Further analysis is conducted by using Spatial Interaction Models (SIMs) to determine factors explaining flow density between these TAZs.

7 Key Takeaways from Study

From the Goodness-of-fit and Linearity tests conducted, the doubly constrained SIM consistently outperformed origin-constrained and destination-constrained SIMs. This suggests that:

  • The simplicity of the model is effective in capturing underlying patterns in the data. Despite having fewer variables compared to the other two models, the doubly-constrained SIM achieved better performance – thus indicating that the additional complexity of the other models may not necessarily improve the explanatory power of the models.

  • Distance between TAZs is thus the key explanatory variable influencing number of trips during Weekday Evening Peak Periods, where shorter distances tend to lead to higher number of trips.
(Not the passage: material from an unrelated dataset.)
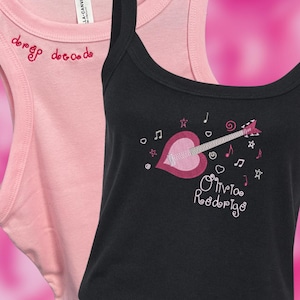 Può includere: Due canotte. Una è rosa chiaro con la scritta ricamata "dreg decade" in rosso. L'altra è nera con una grafica di chitarra a forma di cuore rosa e il nome "Olivia Rodrigo" in corsivo bianco, insieme a note musicali e stelle.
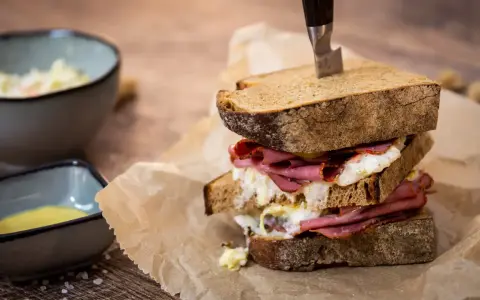 Ein üppiges Pastrami-Sandwich mit Röstbrot, serviert mit Beilagen wie Krautsalat und Senf.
Even in the origin and destination-constrained models, distance had the highest negative association (around -0.79); this figure represents the effect of a unit of increase in distance on the expected number of trips. When we compare the top 10 trips by distance versus number of trips below, we see that the most frequent trips by passenger volume are ~10 times shorter in distance than the least popular trips:

Most popular trips recorded an average distance of ~3500m

code block
od_data_dist %>%
  st_drop_geometry() %>%
  arrange(desc(weekday_pm_trips)) %>%
  mutate(
    distance = round(distance,0)
  ) %>%
  slice_head(n = 10) %>%
  select(
    origin_hex,
    dest_hex,
    weekday_pm_trips,
    distance
  ) %>%
  datatable()

Least popular trips recorded an average distance of ~37000m

code block
od_data_dist %>%
  st_drop_geometry() %>%
  arrange(desc(distance)) %>%
  mutate(
    distance = round(distance,0)
  ) %>%
  slice_head(n = 15) %>%
  select(
    origin_hex,
    dest_hex,
    weekday_pm_trips,
    distance
  ) %>%
  datatable()
  • However, it is not indicative that the origin-constrained and destination-constrained SIMs are not valid, or that other variables have no explanatory value. There is a need for further calibration of the model, such as including data from a longer time-range sample (over 6 months)

  • The explanatory variables used for the SIMs are related to the quantity of specific types of facilities within each TAZ, but does not account for the quality of these features. More qualitative data such as types of shops in retail areas or popularity of F&B joints could be considered as other factors

  • Spatial Interaction Models assume independence among observations in each TAZ, and does not consider the relative attractiveness or propulsiveness of the neighbouring areas. Further spatial econometrics modifications could be made to the SIMs by adding weighted metrics to understand the relative influence of the neighborhood on the TAZs.